SUPPLIED DATA -
Segment Open

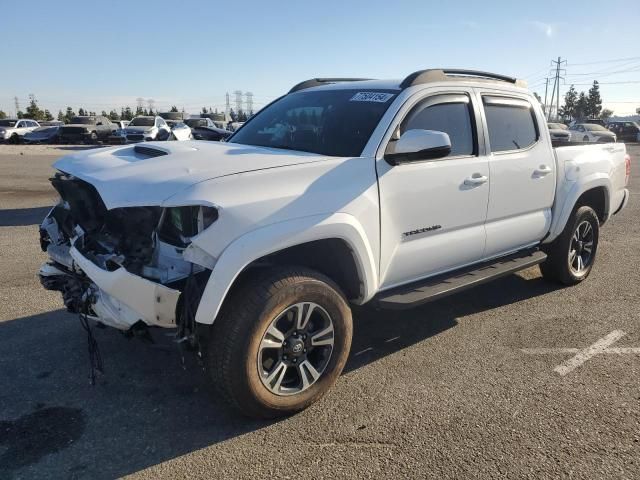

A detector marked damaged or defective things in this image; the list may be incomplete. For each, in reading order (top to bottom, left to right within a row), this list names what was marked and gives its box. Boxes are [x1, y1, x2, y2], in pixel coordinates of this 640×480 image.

crumpled hood [54, 142, 330, 210]
crashed front end [38, 172, 216, 334]
missing headlight [157, 205, 218, 248]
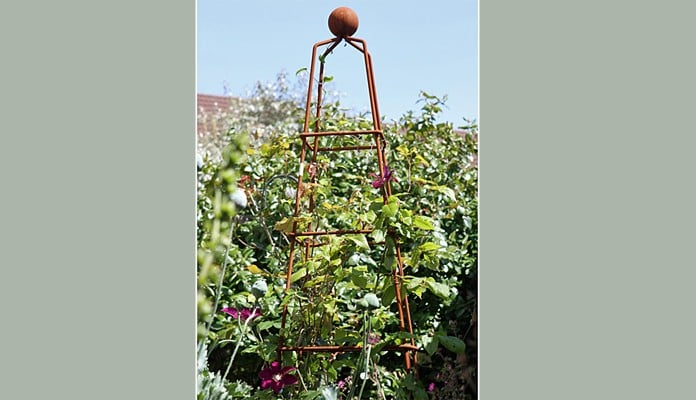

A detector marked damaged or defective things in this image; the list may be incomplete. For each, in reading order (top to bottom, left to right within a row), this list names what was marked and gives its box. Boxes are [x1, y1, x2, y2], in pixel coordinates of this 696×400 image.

rust ball finial [328, 6, 358, 37]
rusty metal obelisk [278, 7, 418, 368]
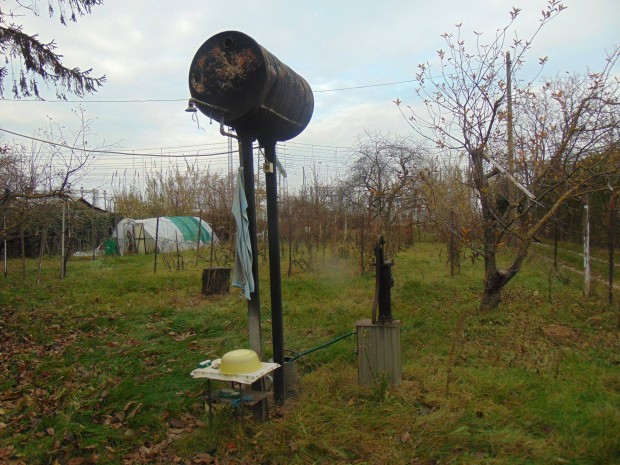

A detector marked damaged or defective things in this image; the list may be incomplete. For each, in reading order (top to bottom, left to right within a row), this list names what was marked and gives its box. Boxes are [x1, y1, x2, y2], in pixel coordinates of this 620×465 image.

rusty metal barrel [188, 30, 314, 143]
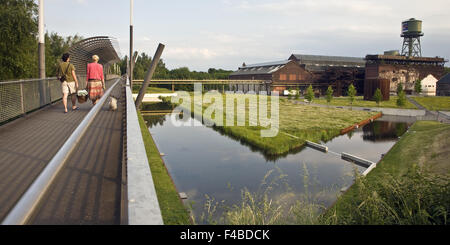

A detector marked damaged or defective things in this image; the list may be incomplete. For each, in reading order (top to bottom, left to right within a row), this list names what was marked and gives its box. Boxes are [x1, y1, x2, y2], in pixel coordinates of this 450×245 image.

rusty metal structure [67, 35, 119, 87]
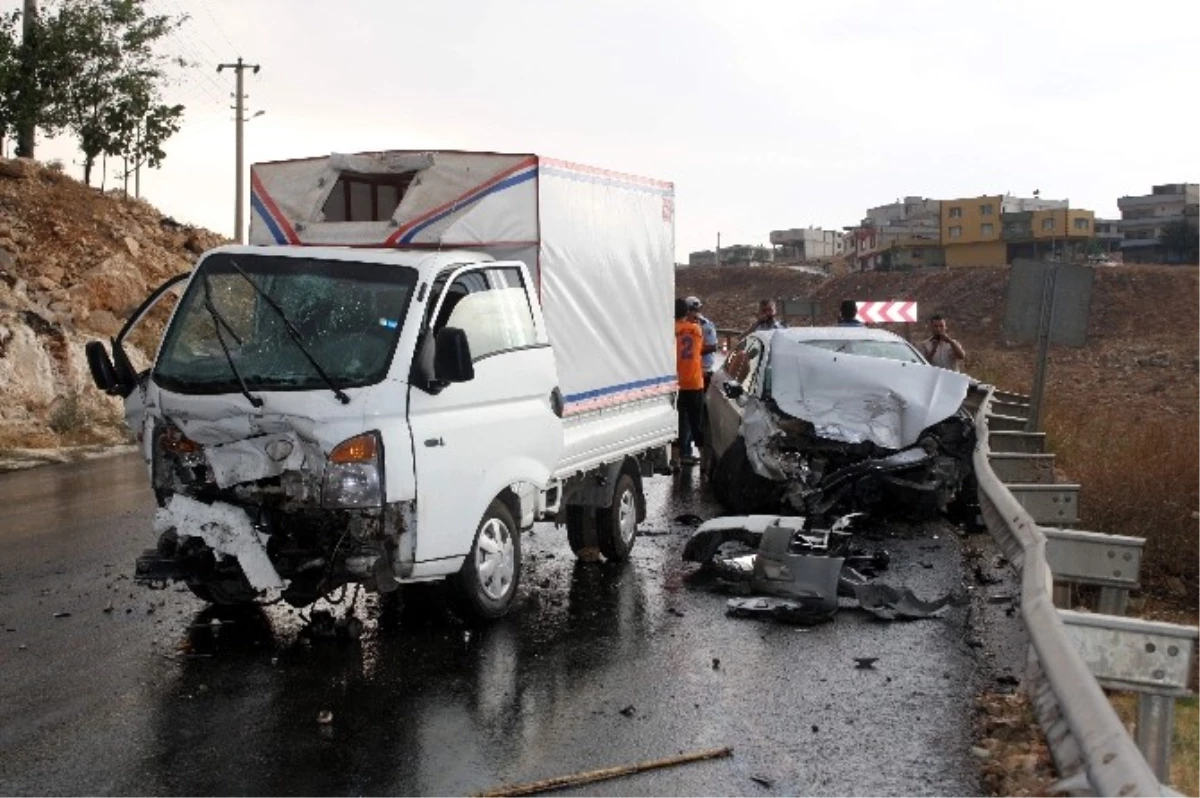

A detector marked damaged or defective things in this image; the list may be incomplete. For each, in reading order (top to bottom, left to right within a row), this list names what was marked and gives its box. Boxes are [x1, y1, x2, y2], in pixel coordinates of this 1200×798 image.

cracked windshield [154, 253, 417, 391]
damaged white truck front [84, 151, 681, 624]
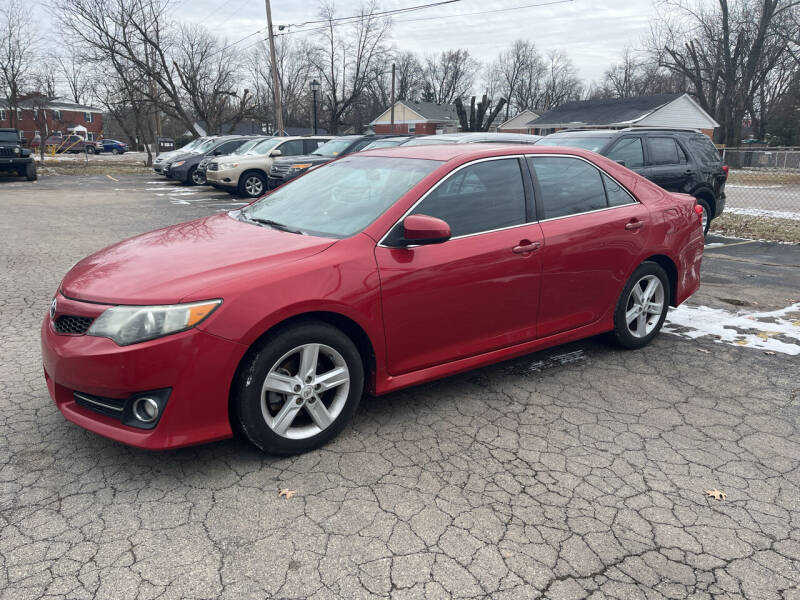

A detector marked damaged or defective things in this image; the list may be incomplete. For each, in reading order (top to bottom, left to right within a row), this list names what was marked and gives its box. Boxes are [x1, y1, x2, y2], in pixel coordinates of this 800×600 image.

cracked asphalt [1, 176, 800, 596]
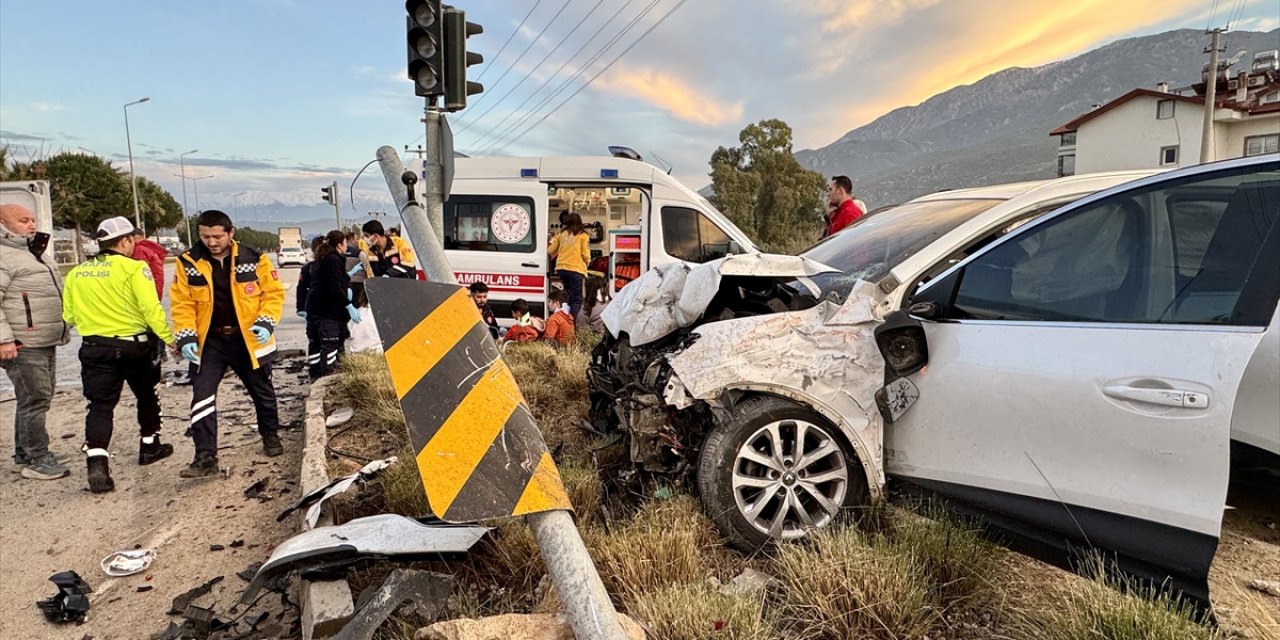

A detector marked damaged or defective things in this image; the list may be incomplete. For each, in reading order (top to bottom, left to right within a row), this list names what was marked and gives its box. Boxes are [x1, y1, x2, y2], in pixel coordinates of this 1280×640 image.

bent metal pole [373, 144, 627, 640]
car hood crumpled [601, 252, 839, 348]
car side panel dented [665, 282, 885, 496]
white damaged suv [586, 154, 1274, 604]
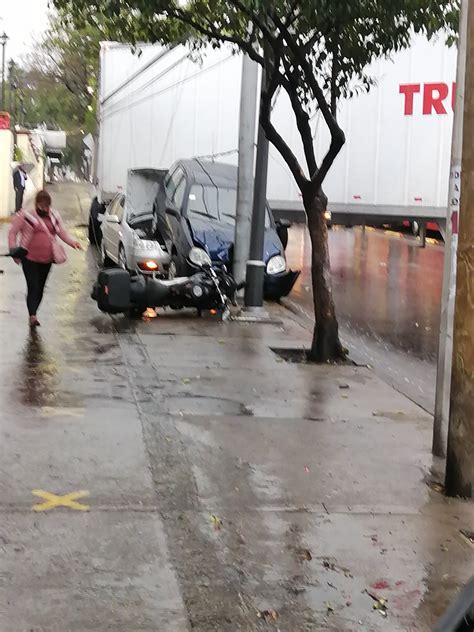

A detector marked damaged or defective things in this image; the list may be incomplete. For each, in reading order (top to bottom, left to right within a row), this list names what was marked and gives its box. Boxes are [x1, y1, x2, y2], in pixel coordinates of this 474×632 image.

overturned motorcycle [92, 262, 243, 320]
crashed blue car [157, 159, 302, 300]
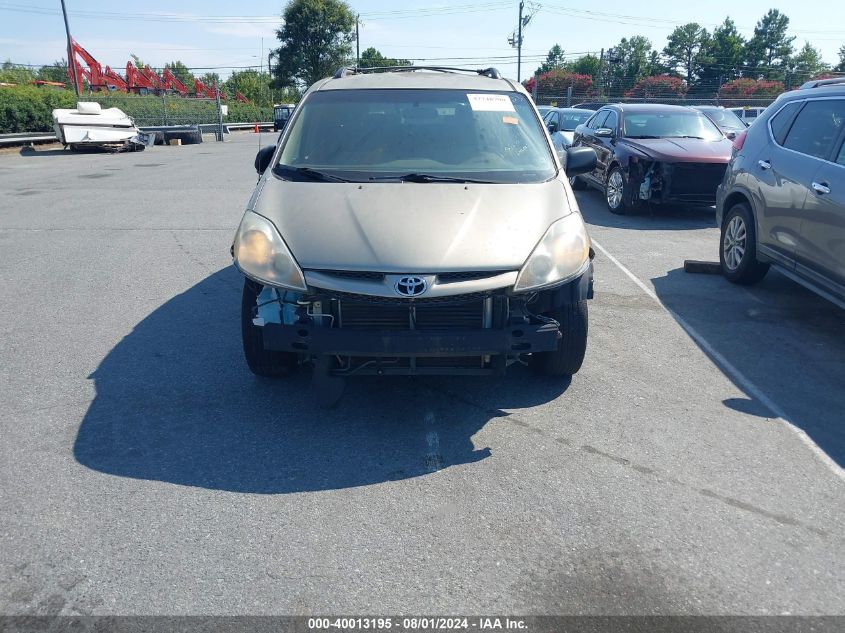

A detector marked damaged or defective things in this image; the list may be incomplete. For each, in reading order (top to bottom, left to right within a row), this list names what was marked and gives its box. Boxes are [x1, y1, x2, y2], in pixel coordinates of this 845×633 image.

damaged toyota sienna [229, 66, 592, 388]
wrecked red car [572, 102, 736, 214]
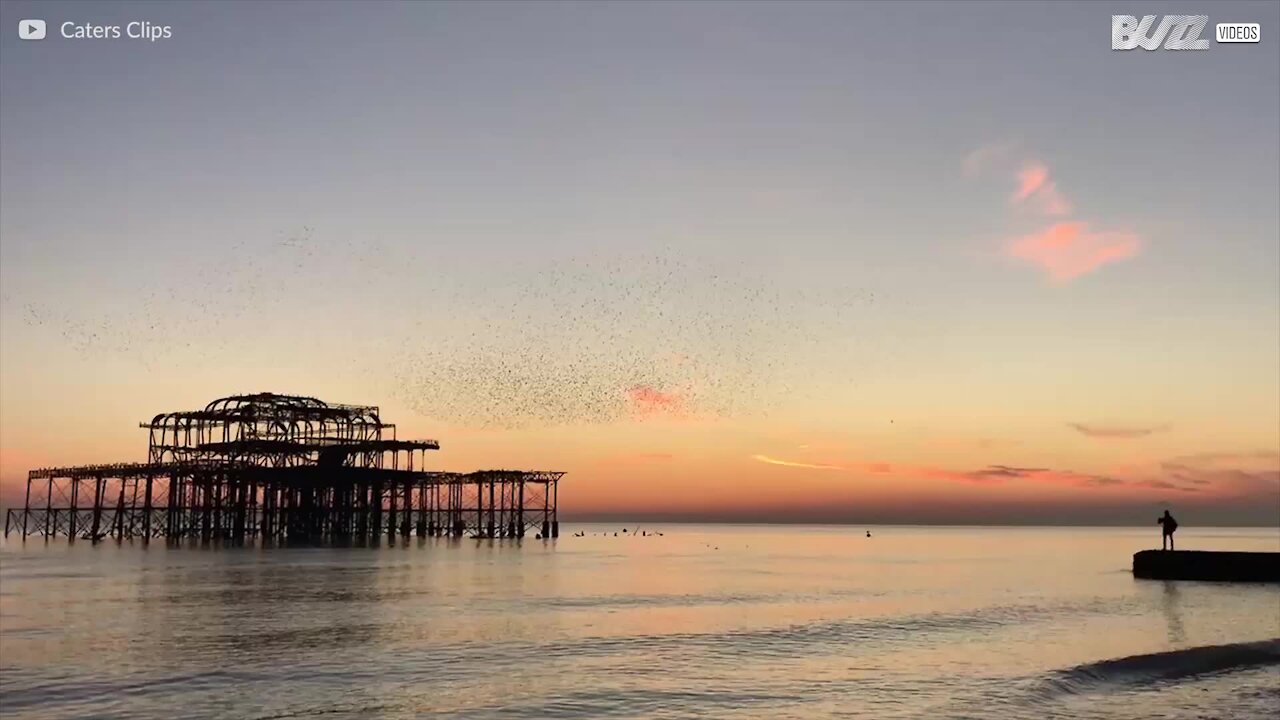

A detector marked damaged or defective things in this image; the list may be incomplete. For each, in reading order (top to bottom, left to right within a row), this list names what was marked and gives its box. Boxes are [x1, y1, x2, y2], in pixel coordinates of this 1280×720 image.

rusted metal framework [5, 394, 563, 540]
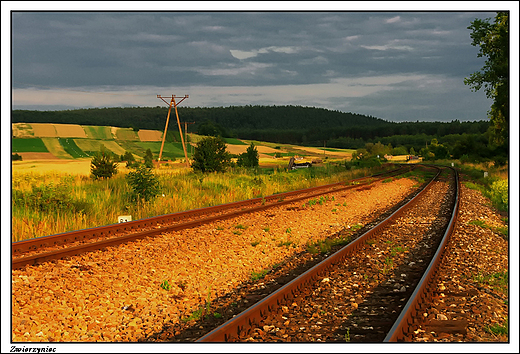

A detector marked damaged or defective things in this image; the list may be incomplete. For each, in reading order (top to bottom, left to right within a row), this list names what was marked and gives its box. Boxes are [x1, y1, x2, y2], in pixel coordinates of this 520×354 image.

rusty railway track [11, 165, 410, 270]
rusty railway track [196, 166, 460, 342]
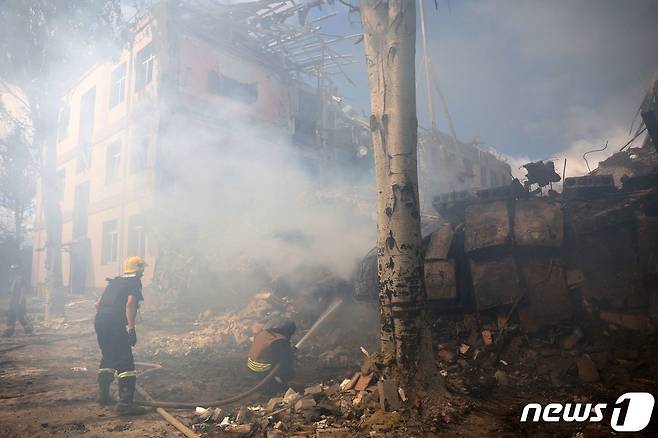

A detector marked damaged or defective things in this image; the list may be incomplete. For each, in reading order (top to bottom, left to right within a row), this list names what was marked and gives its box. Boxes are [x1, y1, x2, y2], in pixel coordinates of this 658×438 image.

broken window [109, 61, 125, 107]
broken window [135, 43, 154, 90]
broken window [208, 71, 256, 104]
broken window [105, 139, 121, 183]
broken window [130, 128, 148, 173]
broken window [101, 219, 119, 264]
broken window [127, 215, 145, 258]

Segment Closed

WHAT THE TASK ASKS - Please give an exact copy of the lines from the line containing "this 520×354 image." through the end of the records above, pictures excluded.

COMPLETED EXERCISE -
A detector marked damaged or defective things in this image; the list may be incomplete. For each, in reading order (top to bottom, left to right within a row), this list names what was marked and gives its box. Boxes are [x1, y1, x2, y2], in pixel coordinates of this 520×354 image.

rusty railway track [11, 165, 410, 270]
rusty railway track [196, 166, 460, 342]

A detector marked damaged or defective things in this image; the list may be incomplete. For each, in reading order (top to bottom, left to right within a row), this list names what was marked and gives its box. Boxes are [x1, y1, x2, y2], in pixel coordinates of this 658×438 image.

broken window [109, 61, 125, 107]
broken window [135, 43, 154, 90]
broken window [208, 71, 256, 104]
broken window [105, 139, 121, 183]
broken window [130, 128, 148, 173]
broken window [101, 219, 119, 264]
broken window [127, 215, 145, 258]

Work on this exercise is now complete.